Querido
Dios:
¡Qué paradoja tan
dolorosa! Enseñar a otros a aceptar lo que la vida les presenta, a fluir con
los acontecimientos, a encontrar paz en medio del caos… y yo, sin embargo, me
siento como una hoja arrastrada por el viento, golpeada por los vaivenes de la
existencia, sin rumbo claro ante los acontecimientos que se desarrollan en el
mundo. Me doy cuenta de que no siempre practico lo que predico, y eso me duele.
Me duele porque no es hipocresía lo que hay en mí, sino una profunda
vulnerabilidad que no sé cómo gestionar.
Asomarme a la ventana
del mundo, para mí, es comenzar a sufrir. No es una metáfora, es una
experiencia real. Cada vez que enciendo la televisión, cada vez que leo las
noticias, cada vez que escucho los relatos de quienes viven en carne propia el
horror, siento que algo dentro de mí se rompe. Me invade una tristeza que no sé
cómo transformar. Me siento impotente, pequeño, incapaz de comprender cómo
puede existir tanto dolor, tanta injusticia, tanta crueldad.
Me pasa cuando veo la
masacre que se está llevando a cabo contra el pueblo palestino. Me duele el
alma al ver cómo se extermina a una población civil, cómo se utiliza el hambre
como arma de guerra, cómo se asesina a miles de niños inocentes que no han
hecho más que nacer en el lugar equivocado, (si, ya sé que todos nacemos donde
decidimos nacer). Y lo más paradójico, lo más desconcertante, es que este
horror lo perpetra el pueblo judío, que no hace tantas décadas fue víctima de
uno de los genocidios más atroces de la historia. ¿Cómo puede repetirse el
ciclo del odio? ¿Cómo puede alguien que ha sufrido tanto convertirse en
verdugo?
Me pasa también cuando
contemplo las consecuencias de otra guerra injusta, (aunque, en realidad, todas
las guerras lo son), como la que se libra en Ucrania. ¿Cuánto daño puede causar
la ambición, el ego desmedido, la locura de un solo hombre? ¿Cuánto dolor puede
generar una decisión tomada desde el poder, sin tener en cuenta las vidas que
se destruyen, los hogares que se pierden, los sueños que se desvanecen? Me
cuesta entenderlo, Señor. Me cuesta aceptar que el sufrimiento humano pueda ser
tan fácilmente ignorado por quienes ostentan el control.
Y me pasa cuando
observo lo que ocurre en mi propio país, España. Me duele ver cómo un grupo
político, que se presenta como defensor de ciertos valores, promueve la
discriminación por raza, por religión, por origen. Me duele aún más saber que
millones de personas les votan, que millones de almas consideran legítimo ese
discurso de odio, de intolerancia, de exclusión. ¿Qué nos está pasando como
sociedad? ¿Dónde quedó la empatía, la compasión, el respeto por la diversidad?
Sé, en lo más profundo
de mí, que todo es parte de un proceso. Sé que cada alma está transitando el
camino que ha elegido, que cada experiencia tiene un propósito, que incluso el
dolor puede ser maestro. Pero eso no quita que duela. Eso no elimina la
sensación de desgarro que siento cuando contemplo el sufrimiento ajeno. Me
cuesta mantener la paz interior cuando el mundo parece arder en llamas. Me
cuesta sostener la fe cuando la injusticia se convierte en rutina.
Y entonces me
pregunto, Señor: ¿Qué debo hacer? ¿Cuál es mi papel en medio de este caos?

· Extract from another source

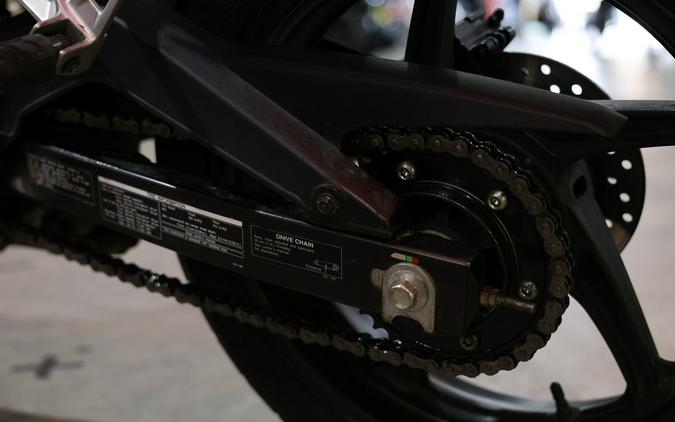 2017 CB300F - RED - Honda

¿Debo limitarme a lamentarme, a sufrir en silencio frente a la pantalla de la
televisión? ¿Debo convertirme en activista, en defensor de los derechos
humanos, en voz que denuncia y exige justicia? ¿O simplemente debo seguir
observando, sintiendo, sin saber muy bien cómo actuar?
No busco respuestas
ahora. Sé que vendrán en su momento. Solo quería compartir contigo este
torbellino que me habita. Esta mezcla de tristeza, impotencia, indignación y
amor profundo por la humanidad. Porque, a pesar de todo, sigo creyendo en el
ser humano. Sigo creyendo que hay luz en medio de la oscuridad. Sigo creyendo
que, en algún rincón del alma colectiva, aún late la esperanza.
Gracias por
escucharme, por sostenerme, por permitirme expresar lo que muchas veces callo.
Gracias por estar, incluso cuando no entiendo tus caminos.
Con
amor, tu hijo que aún busca comprender.